Bonnie Arbittier / Rivard Report
A group of local architects on Tuesday unveiled two conceptual plans for Plaza Guadalupe on the city’s West Side, both designed to open up the plaza to more programming, amenities, and neighborhood services while improving safety and security.
A chain-link fence that has surrounded the plaza for two years spurred a series of public input meetings, and more than 50 people attended the latest gathering at Progreso Hall to discuss the future of the open-air amphitheater that came to be in the mid-1980s.
The San Antonio chapter of American Association of Architects’ Latinos in Architecture Committee (LIA) crafted the plans based on ideas neighbors and other stakeholders had offered in previous meetings. On Tuesday, one wall of Progreso Hall was plastered with large sheets of paper featuring numerous recommendations, observations, and comments for improvements at Plaza Guadalupe.

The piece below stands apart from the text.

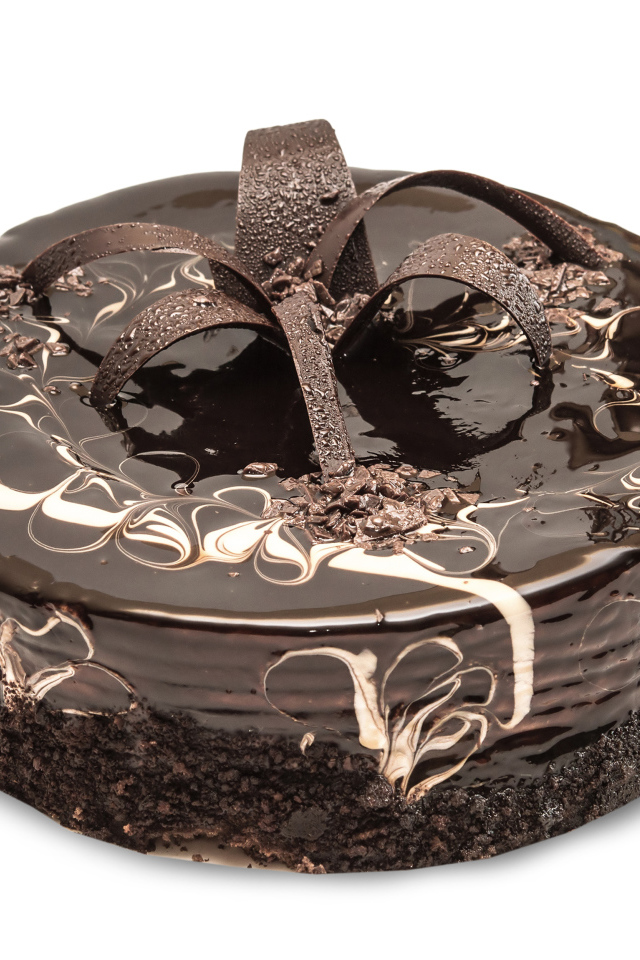 Красивый аппетитный шоколадный торт на белом фоне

Among those suggestions was removing the fence, which the Avenida Guadalupe Association, the nonprofit that leases the plaza from the City and maintains it, set up temporarily in 2016, but opted to keep to ward off criminal activity. Opponents have said the fence goes against the plaza’s intent of being a community space, while proponents say it safeguards the public space and prevents drug-dealing and vagrancy on-site.
One conceptual plan eliminates perimeter fencing, but envisions fencing around the playground; the other keeps the fence, but integrates it into its surroundings.
“[Latinos in Architecture] went over all of these notes from past meetings to make sure that two visions are reflected,” said Gabriel Velasquez, Avenida Guadalupe executive director.
LIA committee member Siboney Díaz-Sánchez said one plan includes a fence because “it was requested by a good number of people.”
If the fencing were to stay up, several people said it should blend into its surroundings.
LIA committee co-chair Adriana Swindle suggested fencing along El Paso and Guadalupe streets, the two roads that border the plaza, be made of material that blends with the streets’ respective characteristics – El Paso is a more of a neighborhood street while Guadalupe accommodates more traffic, various public venues, and businesses.
“[Some community members] feel whatever happens with the fencing or landscaping, it should look beautiful and welcoming,” said Claudia Guerra, cultural historian for the City of San Antonio.
Both conceptual plans contain a range of recommendations, including emphasis on a secure playground with a nearby bathroom structure, a small “softscape,” a shade structure around the central courtyard, landscaping, and improvements in lighting, seating, and parking.
“While it’s challenged by visibility issues, it’s also a really beautiful space that the plaza has, and with landscape opportunities it could really create a fantastic area,” Swindle said of the space for the softscape, horticultural landscape elements that change as they mature.
The plans also imagine a “great hall” near the Avenida Guadalupe office, future outdoor space, expanded green space, and a community hub with information for visitors and others who wish to use the plaza.
LIA members also recommended the City and Avenida Guadalupe increase engagement and buy-in by providing programming, entertainment, and community services to benefit the neighborhood. Recommended entertainment included Fiesta activities, festivals, and frequent flea and farmers markets, while neighborhood services would provide mental health care, nutrition, health screenings, and assistance for at-risk students.
Many residents said Plaza Guadalupe is underutilized, but LIA members suggested it could function as a place of recreation and meaningful gathering for all with the help of wayfinding signage and compliance with the Americans with Disabilities Act.
Díaz-Sánchez said it was a challenge to incorporate dozens of ideas, including people’s concerns for safety, but the two conceptual plans represent neighbors’ general sentiments.
“Our job as a committee was as translators,” Díaz-Sánchez said.
“Our job is to go forward and find a way that speaks to the concerns that were raised,” Velasquez added.
City Councilwoman Shirley Gonzales, whose District 5 is home to Plaza Guadalupe, saw the concepts for the first time Tuesday. She said afterwards that Council could act upon some proposed improvements within the next month or so.
According to Gonzales, $340,000 in community development block grant money is available for some initial upgrades, such as lighting, shading and seating. Another $100,000 is available in the City’s fiscal year 2019 budget for enhanced programming at the plaza.
“I think they were very thoughtful,” Gonzales said of the proposals. “I feel comfortable with what was presented today. I look forward to seeing some [Council] action fairly quickly.”